L’adage “80 % des lois françaises viennent de l’UE” trouve son origine dans une déclaration de Jacques Delors, alors président de la Commissions européenne, à la fin des années 80.

Il l’aurait prononcé à diverses reprises, mais l’extrait le plus cité (ici, ici et ) est celui d’une phrase prononcée en 1988 : “Vers l’an 2000, 80 % de la législation économique, peut-être même fiscale et sociale, sera décidée par les institutions européennes”.

Depuis, cette affirmation a été reprise abondamment tant par des europhiles que par des eurosceptiques (ici, ici et encore ).

Notons qu’ils ne se sont pas contentés de reprendre les mots de Jacques Delors, ils les ont déformés.

Ce n’était plus une prédiction sur le futur (“sera décidée”) mais une affirmation factuelle sur le présent (“80 % des lois qui sont votées à l’Assemblée nationale sont la transcription de directives européennes”, Marine Le Pen, octobre 2017). Ce n’était plus non plus une prédiction qui concerne seulement le secteur de l’économie mais une affirmation générale sur le total des lois votées à l’échelon national.

 

Combien de lois “viennent de l’UE” en France ? L’étude de Terra Nova

 

Pour mettre le pronostic de Delors à l’épreuve des faits, il fallait trouver des études qui mesurent précisément, sur le cas français, l’influence des directives et règlements européens sur les lois nationales.

La littérature nous donnait le choix entre une étude de 2011 écrite par les politistes Sylvain Brouard, Olivier Costa et Eric Kerrouche (“Are French Laws Written in Brussels? The Limited Europeanization of Law-Making in France and Its Implications”) et l’étude de Terra Nova (“Normes européennes, loi française : Le mythe des 80 %”) publiée en 2010 par Matthias Fekl et Thomas Platt (oui, il s’agit bien de l’éphémère ministre de l’Intérieur de la fin du quinquennat de François Hollande).

Nous avons retenu l’étude de Terra Nova pour deux raisons :

D’une part, les données qu’elle fournit couvrent une année supplémentaire (2008 pour Terra Nova VS 2007 pour l’étude Brouard and al.).

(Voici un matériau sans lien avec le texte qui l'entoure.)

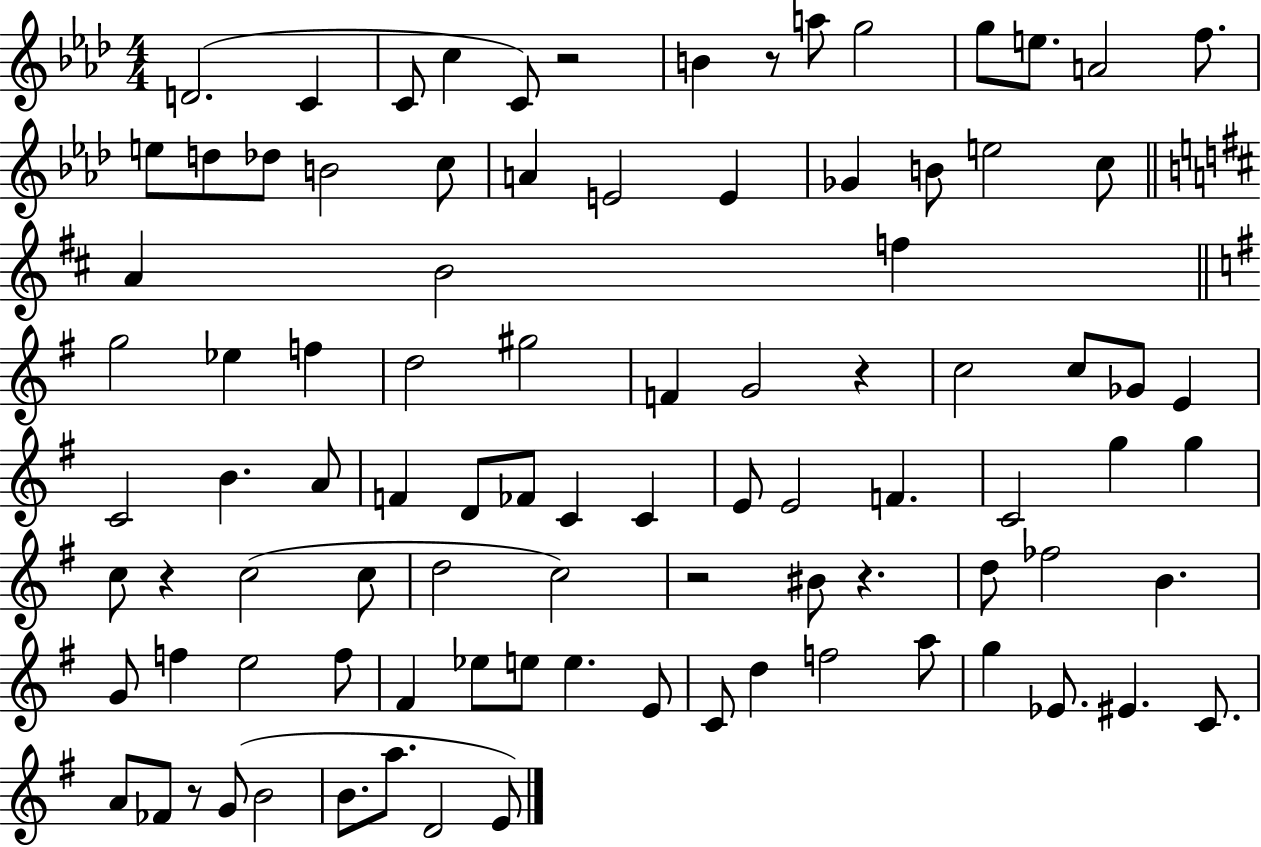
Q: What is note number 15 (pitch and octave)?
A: Db5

De plus, la méthodologie retenue par l’étude de Terra Nova est plus précise. Ils regardent, à l’intérieur de chaque loi votée en France, le nombre d’articles de lois qui mentionnent une directive ou un texte européen. Elle permet donc d’entrer plus dans les détails et d’avoir une vision plus précise de l’influence de l’Union Européenne sur les lois votées en France.

 

Quels sont les résultats de l’étude de Terra Nova ?

 

Commençons par étudier la part des lois françaises dont au moins un article applique une directive ou un règlement européen. Nous vous résumons dans le graphique ci-dessous les données que vous trouverez à la page 12 de l’étude de Terra Nova.

 

On y voit que la proportion de lois “venant de l’Union Européenne” a pas mal varié et légèrement augmenté entre 1999 et 2008. La moyenne sur la période est de 24.36 % des lois françaises qui mentionnent, dans au moins un article, une directive ou un règlement européen.

 

Regardons maintenant plus précisément, article de loi par article de lois.  Nous vous résumons dans le graphique ci-dessous les données que vous trouverez à la page 16 de l’étude de Terra Nova.

 

Ici on voit que la proportion moyenne chute beaucoup pour arriver à 7.35 % d’articles de lois “venant de l’UE”.

 

Rappelons-nous que le pronostic de Jacques Delors ne concernait que les secteurs économiques. Il n’a jamais dit que les lois régulant tous les secteurs viendraient, en moyenne, à 80 % de l’UE. L’étude de Terra Nova nous donne cette répartition par secteurs à la page 18. Nous la reproduisons ci-dessous.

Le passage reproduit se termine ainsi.